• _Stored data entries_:
------------------------

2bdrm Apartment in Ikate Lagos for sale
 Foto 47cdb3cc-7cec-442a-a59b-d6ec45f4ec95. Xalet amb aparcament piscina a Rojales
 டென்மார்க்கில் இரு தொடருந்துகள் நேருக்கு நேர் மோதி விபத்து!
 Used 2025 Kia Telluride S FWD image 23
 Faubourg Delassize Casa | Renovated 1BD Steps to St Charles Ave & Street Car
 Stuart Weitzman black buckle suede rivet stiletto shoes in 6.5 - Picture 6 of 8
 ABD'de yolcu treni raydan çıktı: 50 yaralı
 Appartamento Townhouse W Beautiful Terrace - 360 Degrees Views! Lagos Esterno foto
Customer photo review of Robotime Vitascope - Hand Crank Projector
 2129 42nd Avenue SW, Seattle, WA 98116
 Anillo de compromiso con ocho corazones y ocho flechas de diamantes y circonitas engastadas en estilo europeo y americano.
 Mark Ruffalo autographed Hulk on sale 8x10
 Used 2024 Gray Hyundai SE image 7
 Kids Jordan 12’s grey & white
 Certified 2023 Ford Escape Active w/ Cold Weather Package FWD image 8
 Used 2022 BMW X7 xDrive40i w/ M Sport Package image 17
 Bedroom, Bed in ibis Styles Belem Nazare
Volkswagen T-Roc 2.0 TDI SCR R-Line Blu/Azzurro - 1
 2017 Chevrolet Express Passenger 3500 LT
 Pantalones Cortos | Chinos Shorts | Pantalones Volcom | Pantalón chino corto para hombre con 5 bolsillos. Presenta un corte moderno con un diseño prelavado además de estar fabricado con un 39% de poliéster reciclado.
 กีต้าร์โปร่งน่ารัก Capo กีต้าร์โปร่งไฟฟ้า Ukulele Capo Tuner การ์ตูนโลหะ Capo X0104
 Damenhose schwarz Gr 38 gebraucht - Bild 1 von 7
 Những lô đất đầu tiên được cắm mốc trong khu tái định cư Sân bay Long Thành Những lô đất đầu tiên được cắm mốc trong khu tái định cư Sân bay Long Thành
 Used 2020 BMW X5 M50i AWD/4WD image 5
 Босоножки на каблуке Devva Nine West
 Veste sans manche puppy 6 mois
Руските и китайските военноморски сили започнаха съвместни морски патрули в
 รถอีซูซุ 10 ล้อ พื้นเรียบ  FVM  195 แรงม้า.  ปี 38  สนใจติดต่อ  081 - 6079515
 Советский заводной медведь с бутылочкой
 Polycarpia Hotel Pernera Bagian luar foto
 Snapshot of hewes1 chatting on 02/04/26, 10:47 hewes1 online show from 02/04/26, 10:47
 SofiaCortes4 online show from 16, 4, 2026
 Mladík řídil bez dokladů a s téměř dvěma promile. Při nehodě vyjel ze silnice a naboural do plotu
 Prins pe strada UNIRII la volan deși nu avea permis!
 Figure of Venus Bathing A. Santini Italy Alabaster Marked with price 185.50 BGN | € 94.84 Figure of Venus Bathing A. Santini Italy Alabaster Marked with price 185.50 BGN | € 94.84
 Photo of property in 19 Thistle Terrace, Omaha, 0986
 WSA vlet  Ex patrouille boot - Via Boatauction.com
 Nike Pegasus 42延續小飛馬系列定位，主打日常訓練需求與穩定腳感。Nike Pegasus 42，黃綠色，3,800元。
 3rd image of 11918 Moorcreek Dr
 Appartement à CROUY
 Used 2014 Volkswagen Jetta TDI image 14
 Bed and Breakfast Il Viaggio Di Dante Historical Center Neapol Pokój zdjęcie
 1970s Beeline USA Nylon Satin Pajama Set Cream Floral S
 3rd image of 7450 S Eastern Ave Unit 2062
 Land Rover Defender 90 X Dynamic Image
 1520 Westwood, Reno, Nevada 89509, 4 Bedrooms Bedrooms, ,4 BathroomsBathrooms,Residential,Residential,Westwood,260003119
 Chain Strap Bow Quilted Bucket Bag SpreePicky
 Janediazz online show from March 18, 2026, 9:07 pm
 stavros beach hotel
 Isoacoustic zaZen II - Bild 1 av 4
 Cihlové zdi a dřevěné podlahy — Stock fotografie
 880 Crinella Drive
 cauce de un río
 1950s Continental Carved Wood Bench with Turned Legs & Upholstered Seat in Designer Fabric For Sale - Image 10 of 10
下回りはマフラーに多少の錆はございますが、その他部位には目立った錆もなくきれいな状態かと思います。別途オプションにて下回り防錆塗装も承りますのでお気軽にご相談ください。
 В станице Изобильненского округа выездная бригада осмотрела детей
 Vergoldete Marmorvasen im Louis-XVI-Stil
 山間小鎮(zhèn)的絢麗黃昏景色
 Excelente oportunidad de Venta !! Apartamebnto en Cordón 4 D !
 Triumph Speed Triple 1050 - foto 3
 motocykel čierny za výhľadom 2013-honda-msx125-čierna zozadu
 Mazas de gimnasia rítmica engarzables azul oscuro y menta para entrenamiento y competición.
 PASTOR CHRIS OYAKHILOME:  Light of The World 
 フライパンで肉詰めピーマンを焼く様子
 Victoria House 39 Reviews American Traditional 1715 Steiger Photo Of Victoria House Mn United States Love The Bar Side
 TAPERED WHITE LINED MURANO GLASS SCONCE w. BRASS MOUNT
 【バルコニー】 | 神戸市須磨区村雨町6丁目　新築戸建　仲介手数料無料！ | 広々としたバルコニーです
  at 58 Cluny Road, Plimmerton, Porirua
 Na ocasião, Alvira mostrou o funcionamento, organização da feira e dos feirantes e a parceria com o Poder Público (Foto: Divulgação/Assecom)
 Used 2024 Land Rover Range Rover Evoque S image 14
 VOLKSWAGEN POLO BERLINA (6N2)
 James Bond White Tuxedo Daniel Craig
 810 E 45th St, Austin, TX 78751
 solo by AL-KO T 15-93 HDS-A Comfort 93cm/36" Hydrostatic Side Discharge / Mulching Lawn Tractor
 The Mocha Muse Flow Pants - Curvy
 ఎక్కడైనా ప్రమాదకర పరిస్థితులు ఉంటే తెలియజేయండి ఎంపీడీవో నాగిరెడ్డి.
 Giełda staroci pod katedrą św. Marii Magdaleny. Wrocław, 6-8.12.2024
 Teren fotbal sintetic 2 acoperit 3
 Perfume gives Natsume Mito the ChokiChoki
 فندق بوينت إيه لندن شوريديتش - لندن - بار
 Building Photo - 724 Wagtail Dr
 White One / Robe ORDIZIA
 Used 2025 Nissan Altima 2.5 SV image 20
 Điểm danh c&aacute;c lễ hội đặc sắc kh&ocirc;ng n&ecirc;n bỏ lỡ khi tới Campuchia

------------------------

• _EXERCISE DESCRIPTION_: Take the entries above and repeat them. Alter nothing.

• _RESPONSE TO THIS TASK_:
2bdrm Apartment in Ikate Lagos for sale
 Foto 47cdb3cc-7cec-442a-a59b-d6ec45f4ec95. Xalet amb aparcament piscina a Rojales
 டென்மார்க்கில் இரு தொடருந்துகள் நேருக்கு நேர் மோதி விபத்து!
 Used 2025 Kia Telluride S FWD image 23
 Faubourg Delassize Casa | Renovated 1BD Steps to St Charles Ave & Street Car
 Stuart Weitzman black buckle suede rivet stiletto shoes in 6.5 - Picture 6 of 8
 ABD'de yolcu treni raydan çıktı: 50 yaralı
 Appartamento Townhouse W Beautiful Terrace - 360 Degrees Views! Lagos Esterno foto
Customer photo review of Robotime Vitascope - Hand Crank Projector
 2129 42nd Avenue SW, Seattle, WA 98116
 Anillo de compromiso con ocho corazones y ocho flechas de diamantes y circonitas engastadas en estilo europeo y americano.
 Mark Ruffalo autographed Hulk on sale 8x10
 Used 2024 Gray Hyundai SE image 7
 Kids Jordan 12’s grey & white
 Certified 2023 Ford Escape Active w/ Cold Weather Package FWD image 8
 Used 2022 BMW X7 xDrive40i w/ M Sport Package image 17
 Bedroom, Bed in ibis Styles Belem Nazare
Volkswagen T-Roc 2.0 TDI SCR R-Line Blu/Azzurro - 1
 2017 Chevrolet Express Passenger 3500 LT
 Pantalones Cortos | Chinos Shorts | Pantalones Volcom | Pantalón chino corto para hombre con 5 bolsillos. Presenta un corte moderno con un diseño prelavado además de estar fabricado con un 39% de poliéster reciclado.
 กีต้าร์โปร่งน่ารัก Capo กีต้าร์โปร่งไฟฟ้า Ukulele Capo Tuner การ์ตูนโลหะ Capo X0104
 Damenhose schwarz Gr 38 gebraucht - Bild 1 von 7
 Những lô đất đầu tiên được cắm mốc trong khu tái định cư Sân bay Long Thành Những lô đất đầu tiên được cắm mốc trong khu tái định cư Sân bay Long Thành
 Used 2020 BMW X5 M50i AWD/4WD image 5
 Босоножки на каблуке Devva Nine West
 Veste sans manche puppy 6 mois
Руските и китайските военноморски сили започнаха съвместни морски патрули в
 รถอีซูซุ 10 ล้อ พื้นเรียบ  FVM  195 แรงม้า.  ปี 38  สนใจติดต่อ  081 - 6079515
 Советский заводной медведь с бутылочкой
 Polycarpia Hotel Pernera Bagian luar foto
 Snapshot of hewes1 chatting on 02/04/26, 10:47 hewes1 online show from 02/04/26, 10:47
 SofiaCortes4 online show from 16, 4, 2026
 Mladík řídil bez dokladů a s téměř dvěma promile. Při nehodě vyjel ze silnice a naboural do plotu
 Prins pe strada UNIRII la volan deși nu avea permis!
 Figure of Venus Bathing A. Santini Italy Alabaster Marked with price 185.50 BGN | € 94.84 Figure of Venus Bathing A. Santini Italy Alabaster Marked with price 185.50 BGN | € 94.84
 Photo of property in 19 Thistle Terrace, Omaha, 0986
 WSA vlet  Ex patrouille boot - Via Boatauction.com
 Nike Pegasus 42延續小飛馬系列定位，主打日常訓練需求與穩定腳感。Nike Pegasus 42，黃綠色，3,800元。
 3rd image of 11918 Moorcreek Dr
 Appartement à CROUY
 Used 2014 Volkswagen Jetta TDI image 14
 Bed and Breakfast Il Viaggio Di Dante Historical Center Neapol Pokój zdjęcie
 1970s Beeline USA Nylon Satin Pajama Set Cream Floral S
 3rd image of 7450 S Eastern Ave Unit 2062
 Land Rover Defender 90 X Dynamic Image
 1520 Westwood, Reno, Nevada 89509, 4 Bedrooms Bedrooms, ,4 BathroomsBathrooms,Residential,Residential,Westwood,260003119
 Chain Strap Bow Quilted Bucket Bag SpreePicky
 Janediazz online show from March 18, 2026, 9:07 pm
 stavros beach hotel
 Isoacoustic zaZen II - Bild 1 av 4
 Cihlové zdi a dřevěné podlahy — Stock fotografie
 880 Crinella Drive
 cauce de un río
 1950s Continental Carved Wood Bench with Turned Legs & Upholstered Seat in Designer Fabric For Sale - Image 10 of 10
下回りはマフラーに多少の錆はございますが、その他部位には目立った錆もなくきれいな状態かと思います。別途オプションにて下回り防錆塗装も承りますのでお気軽にご相談ください。
 В станице Изобильненского округа выездная бригада осмотрела детей
 Vergoldete Marmorvasen im Louis-XVI-Stil
 山間小鎮(zhèn)的絢麗黃昏景色
 Excelente oportunidad de Venta !! Apartamebnto en Cordón 4 D !
 Triumph Speed Triple 1050 - foto 3
 motocykel čierny za výhľadom 2013-honda-msx125-čierna zozadu
 Mazas de gimnasia rítmica engarzables azul oscuro y menta para entrenamiento y competición.
 PASTOR CHRIS OYAKHILOME:  Light of The World 
 フライパンで肉詰めピーマンを焼く様子
 Victoria House 39 Reviews American Traditional 1715 Steiger Photo Of Victoria House Mn United States Love The Bar Side
 TAPERED WHITE LINED MURANO GLASS SCONCE w. BRASS MOUNT
 【バルコニー】 | 神戸市須磨区村雨町6丁目　新築戸建　仲介手数料無料！ | 広々としたバルコニーです
  at 58 Cluny Road, Plimmerton, Porirua
 Na ocasião, Alvira mostrou o funcionamento, organização da feira e dos feirantes e a parceria com o Poder Público (Foto: Divulgação/Assecom)
 Used 2024 Land Rover Range Rover Evoque S image 14
 VOLKSWAGEN POLO BERLINA (6N2)
 James Bond White Tuxedo Daniel Craig
 810 E 45th St, Austin, TX 78751
 solo by AL-KO T 15-93 HDS-A Comfort 93cm/36" Hydrostatic Side Discharge / Mulching Lawn Tractor
 The Mocha Muse Flow Pants - Curvy
 ఎక్కడైనా ప్రమాదకర పరిస్థితులు ఉంటే తెలియజేయండి ఎంపీడీవో నాగిరెడ్డి.
 Giełda staroci pod katedrą św. Marii Magdaleny. Wrocław, 6-8.12.2024
 Teren fotbal sintetic 2 acoperit 3
 Perfume gives Natsume Mito the ChokiChoki
 فندق بوينت إيه لندن شوريديتش - لندن - بار
 Building Photo - 724 Wagtail Dr
 White One / Robe ORDIZIA
 Used 2025 Nissan Altima 2.5 SV image 20
 Điểm danh c&aacute;c lễ hội đặc sắc kh&ocirc;ng n&ecirc;n bỏ lỡ khi tới Campuchia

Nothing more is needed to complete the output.